Once production ramps on Tesla's 4680 battery pack – which the company expects will be more energy dense, enabling greater range – Musk said he expects to have the cell volume to get Semi rolling down the assembly line. 

Self-driving Semi

While the electric big-rig market has gotten crowded since Semi made its public debut in late 2017, Musk speculated that his Semi could be the first to achieve full autonomy.

"I think that's quite likely," he said. "Yes, I can't imagine – I'm not sure who would be number two, but yes, it seems highly likely, yes."

The autonomous hardware deployed on Semi will be the same Tesla includes on its passenger cars, with Musk noting only a need to modify software parameters for Autopilot or Full Self-Driving. "We just need to inform the vehicle, inform the Full Self-Driving brain, that it is now in a semi truck," he said. 

"You have different control functions because there are turns that you could do in a regular car that you cannot do in a Semi," he added, "Like, you don't want to try to parallel park this thing on the street in a city. It needs to know its limitations being a giant truck."
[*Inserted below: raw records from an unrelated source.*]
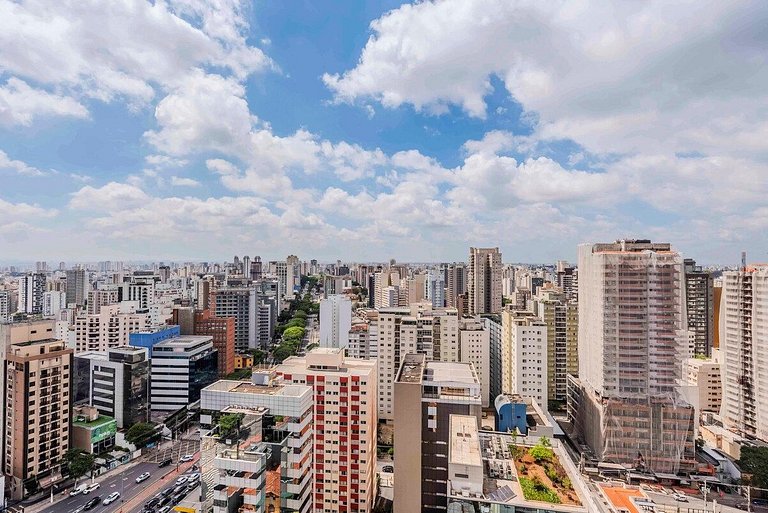 BHaus Paraíso On Paulista - Studio com Varanda e Vista Incrí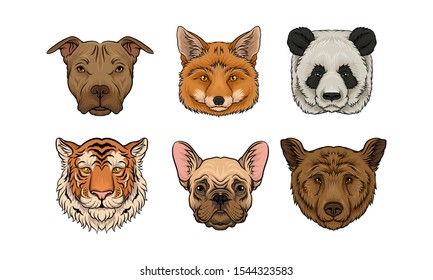 Realistic heads of wild animals and dogs. Vector illustration.
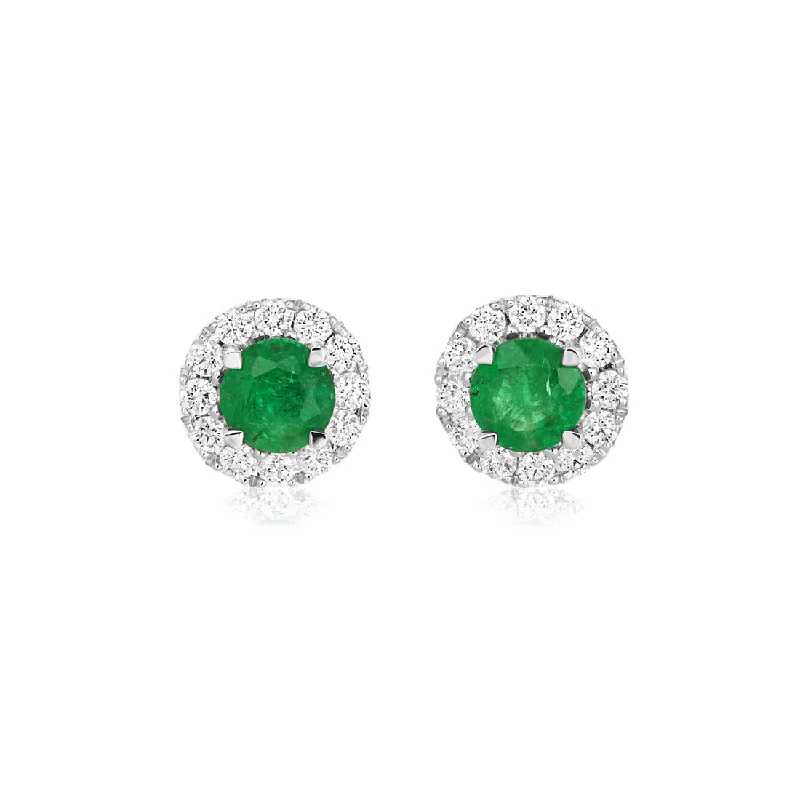 Trendy Gemstone Earrings-18ct white gold emerald and diamond claw set round cluster stud earrings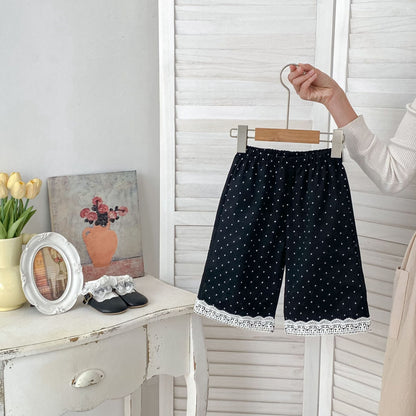 Arrival Baby Kids Girls Dots Pattern Lace Trim Pants, MyKids-USA®, Trousers, MyKids-USA -  -  -  -  -  -  - .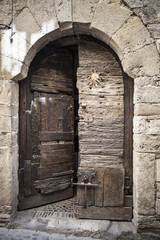 Ancient door, medieval village of Besalu,Catalonia,Spain.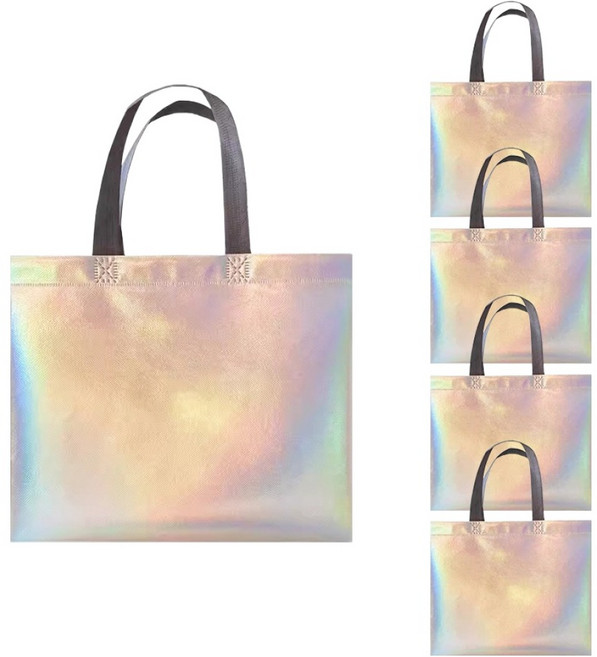 투코비 홀로그램 부직포 쇼핑백, 혼합색상, 5개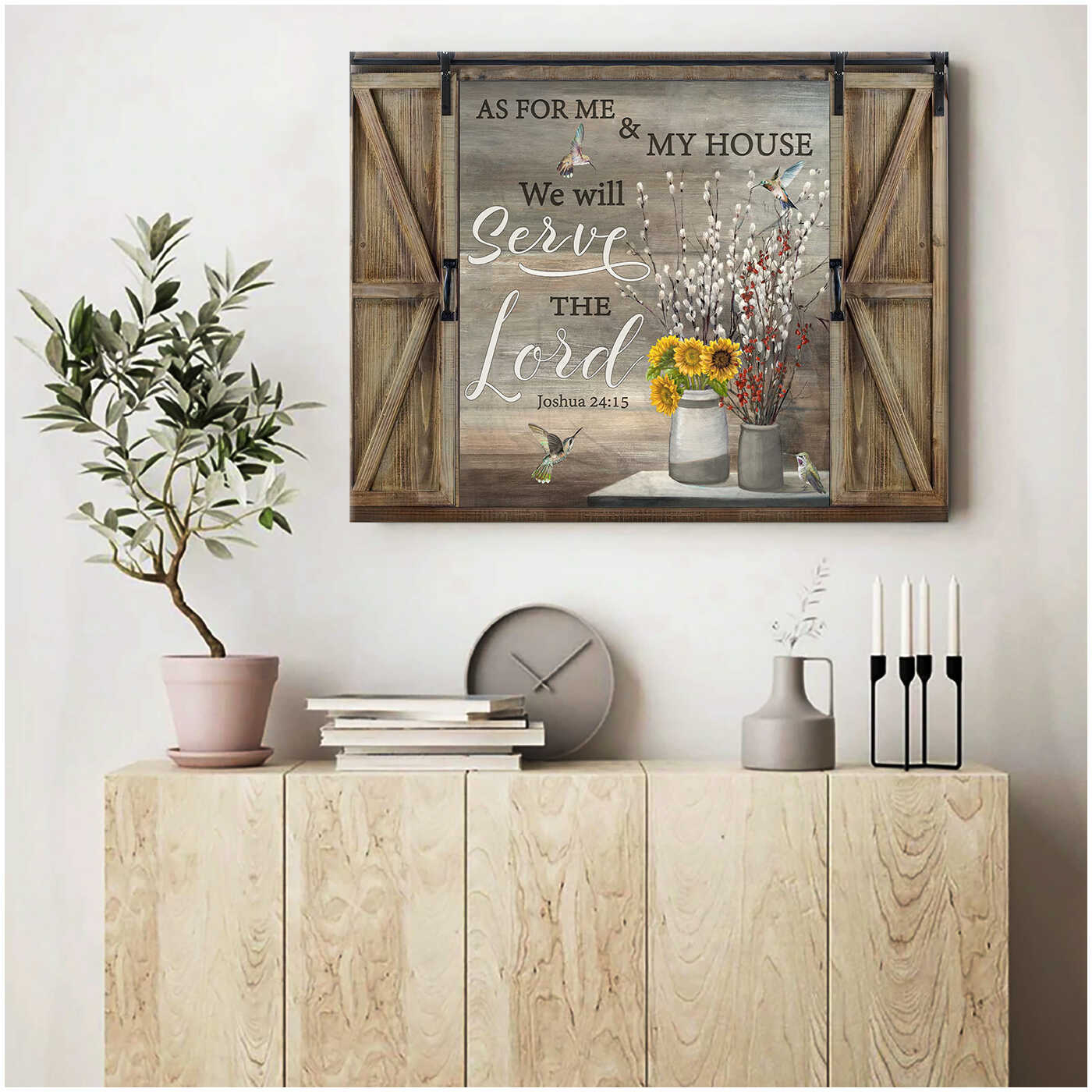 Window-Canvas-Pussy-Willow-And-Sunflowers-And-Hummingbirds-Wall-Art-Decor-As-For-Me-And-My-House-We-Will-Serve-The-Lord-2 Window Canvas Pussy Willow And Sunflowers And Hummingbirds Wall Art Decor As For Me And My House We Will Serve The Lord 2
Musk said his company has made "massive progress" on its Full Self-Driving platform, with almost 1,000 vehicles in the beta program.

"And with each successful release of the beta – of the FSD software – it's really improving rapidly. It's very common for me to have no interventions on drives that I do," he said, "including drives to a place that I've never been to. So these are not pre-planned routes... I'm highly confident the car will drive itself for reliability in excess of a human this year. This is a very big deal."